Sir Ken Robinson, The Element: How Finding Your Passion Changes Everything, Viking, p155.
Not just throw-away advice, it seems to me, although, unfortunately it has the ring of platitude. In fact, I think all great advances, in whatever field and whatever context, were revolutionary – tending to turn things around or upside down, demanding sacrifices and causing anxiety.
What’s deceptive about Sir Ken’s words, what seems platitudinous is how easy it is to accept in hindsight. The “of course” factor is huge, as it is in all platitudes. But there is no “of course” when you are turning your world upside down, swimming up stream, making sacrifices, and causing anxiety. There is no “of course” in the moment. Still, that is what people tend to say. “Of course, it was hard. Of course, there were sacrifices. That is part of the deal.” But that belies the severity, the pain, and the difficulty experienced. The great and noble stories unto myths we pass around the family of relatives who gave up everything to follow a dream, uprooted their families to reinvent their lives, faced the fear of failure for the chance to greater success, don’t include the reality of the pain, don’t allow the experience of the anxiety and the difficulty. What we experience in stories like that is the the inspiration and the success. As if the price paid for change is somehow a little less relevant.

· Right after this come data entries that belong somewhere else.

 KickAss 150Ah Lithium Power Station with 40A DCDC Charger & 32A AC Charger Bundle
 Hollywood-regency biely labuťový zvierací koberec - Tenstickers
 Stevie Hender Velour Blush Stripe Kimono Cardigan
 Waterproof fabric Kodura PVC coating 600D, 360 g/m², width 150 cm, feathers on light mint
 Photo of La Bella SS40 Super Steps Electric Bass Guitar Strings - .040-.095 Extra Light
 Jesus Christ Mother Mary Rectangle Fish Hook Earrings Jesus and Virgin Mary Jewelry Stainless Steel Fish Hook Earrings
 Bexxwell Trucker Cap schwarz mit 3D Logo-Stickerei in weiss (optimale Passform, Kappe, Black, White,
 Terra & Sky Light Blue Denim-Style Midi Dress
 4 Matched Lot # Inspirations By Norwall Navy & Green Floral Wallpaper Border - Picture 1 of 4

And it is so much easier to go with the flow, to make lemonade, to take it easy. But those aren’t the stories we tell. The story of uncle so-and-so who “was never particularly satisfied with his lot in life, but he made it work. Day in and day out he just got along, kept on. Sure, somewhere deep down he had something like passion, a dream that he always said he couldn’t remember, but what he was really good at was going with the flow, taking it easy, playing it safe.” We don’t tell that story – because success depends on adversity.
Weird, eh? Why should that be?
And great advances are always perpetrated out of necessity, not luxury or privilege. It is too hard to swim upstream – unless you have to, unless there is no other option. Think of pacific salmon that die after struggling to invent the next generation. (And listen to the inspiration in that: struggling to invent the next generation. It gives you chills. But I wonder whether if the salmon had a choice, they still do it? Would they still swim up stream?)
Looking back we say it was all worth it, but in the moment, how can we know? We can’t. In the moment, we trust. Change requires either necessity or faith – which is belief without support, believing in something despite the evidence (not purposefully believing in something that is contradicted by evidence – some people do that and that practice is perverse.) But, you don’t always need evidence to know something is true. Or right. Or apt. Or necessary. That’s intuition. And as the poet Rumi says, “There are many ways of knowing.”